On Sunday, US President Donald Trump announced he would postpone the increase in import duties on Chinese commodities which was scheduled to come into force on March 1. He cited notable progress in negotiations with China on a number of important issues, including protection of intellectual property, technology transfers, agriculture, services, and currency. If negotiations continue this way, the US President is going to meet Xi Jinping to sign an agreement.
The trade confrontation affected not only the two countries but many others, especially given the fact that it occurred when the economic cycle approached the peak. While China wants to avoid a hard landing, Trump is willing to fulfil one of his main promises during his election campaign and cut the trade deficit. He needs to prevent a plunge in US economic growth and close an agreement, even not an ideal one.
The developments supported stock markets in mainland China the most. The CSI 300 index rose by 4% today, reaching the highest level since June 2018. It is showing bullish signs, rising by more than 23% from the January bottom. Meanwhile, RMB gained 0.4%, touching 7-month peak.
Increasing demand for risky assets positively influenced such AUD and NZD, which rose 0.3% each during the Asian session. Other currencies reacted more discreetly, with EUR, GBP, and JPY traded in very narrow ranges.

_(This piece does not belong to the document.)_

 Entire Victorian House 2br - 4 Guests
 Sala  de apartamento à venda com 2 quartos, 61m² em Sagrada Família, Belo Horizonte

For reference, Theresa May’s decision to postpone the vote in parliament on her proposed Brexit agreement had almost no impact on GBP on Monday. The vote was scheduled for Wednesday, but May postponed into March 12. The likelihood of postponing Brexit is increasing day by day, and May is reportedly considering to delay it for 2 more months. GBP is likely to stay around $1.30 in the short term until the UK exits the EU.
Although politics remains the main driver of trading in financial markets, this week is rich in key economic data. After the US data on retail sales, orders for durable goods, sales in the secondary housing market and a few more reports were worse than expected, the markets will study the US GDP growth rate in Q4 which will be released on Thursday. The annual GDP growth is expected to decline to 2.4% from 3.4% seen in Q3. Given the negative developments in recent weeks, there GDP growth may be lower than expected. The personal consumption expenditures price index (PCE), the Federal Reserve's preferred inflation indicator, and personal income data will be published on Friday.